• _Work instruction_
What are the lines below, starting at the line containing "Elevate your home" and ending at the line containing "Unique luxury throw"? Write them out exactly, ends included, without pictures.

• _Recorded information_
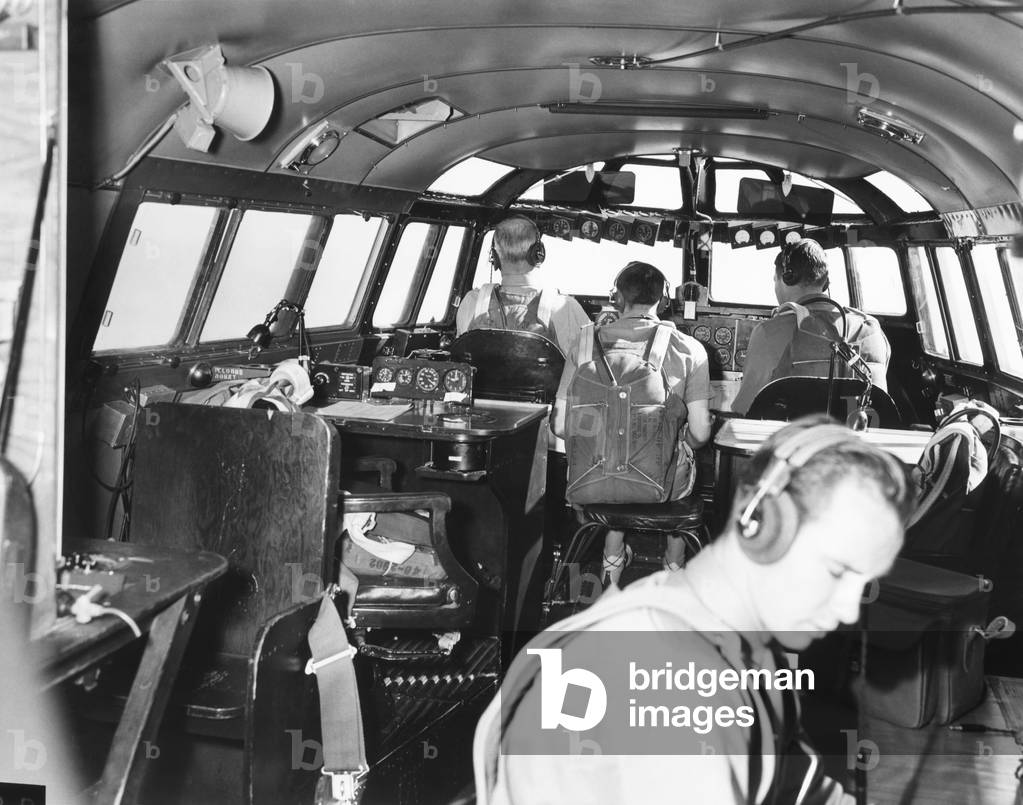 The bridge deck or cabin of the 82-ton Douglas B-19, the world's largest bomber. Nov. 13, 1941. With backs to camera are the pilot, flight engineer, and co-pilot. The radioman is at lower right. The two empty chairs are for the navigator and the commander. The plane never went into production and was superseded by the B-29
* * *
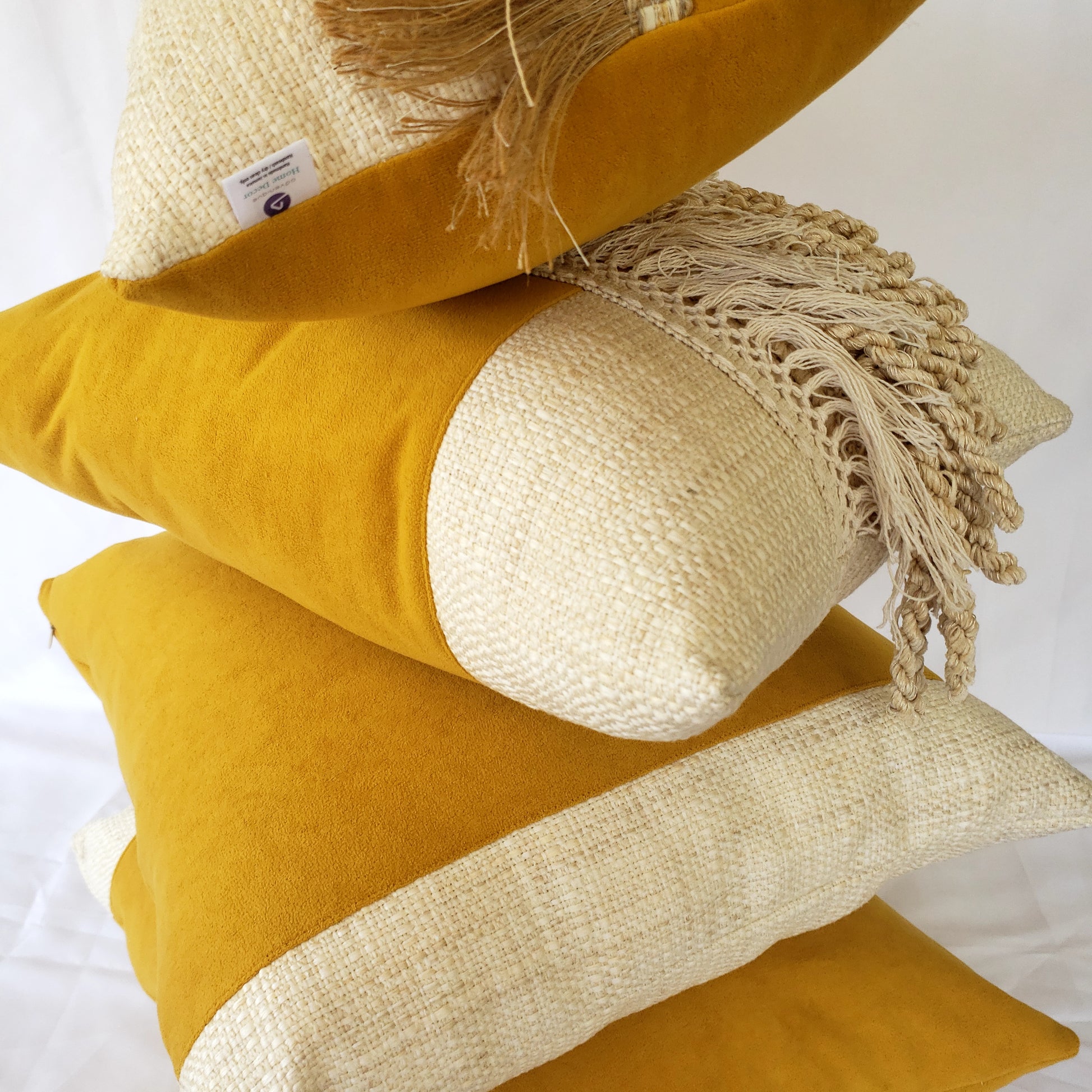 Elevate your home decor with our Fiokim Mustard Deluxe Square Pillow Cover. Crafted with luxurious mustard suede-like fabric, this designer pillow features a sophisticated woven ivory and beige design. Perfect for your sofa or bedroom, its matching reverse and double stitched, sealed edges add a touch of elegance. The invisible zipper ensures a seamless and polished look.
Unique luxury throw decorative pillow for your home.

• _Output of the task_
 Elevate your home decor with our Fiokim Mustard Deluxe Square Pillow Cover. Crafted with luxurious mustard suede-like fabric, this designer pillow features a sophisticated woven ivory and beige design. Perfect for your sofa or bedroom, its matching reverse and double stitched, sealed edges add a touch of elegance. The invisible zipper ensures a seamless and polished look.
Unique luxury throw decorative pillow for your home.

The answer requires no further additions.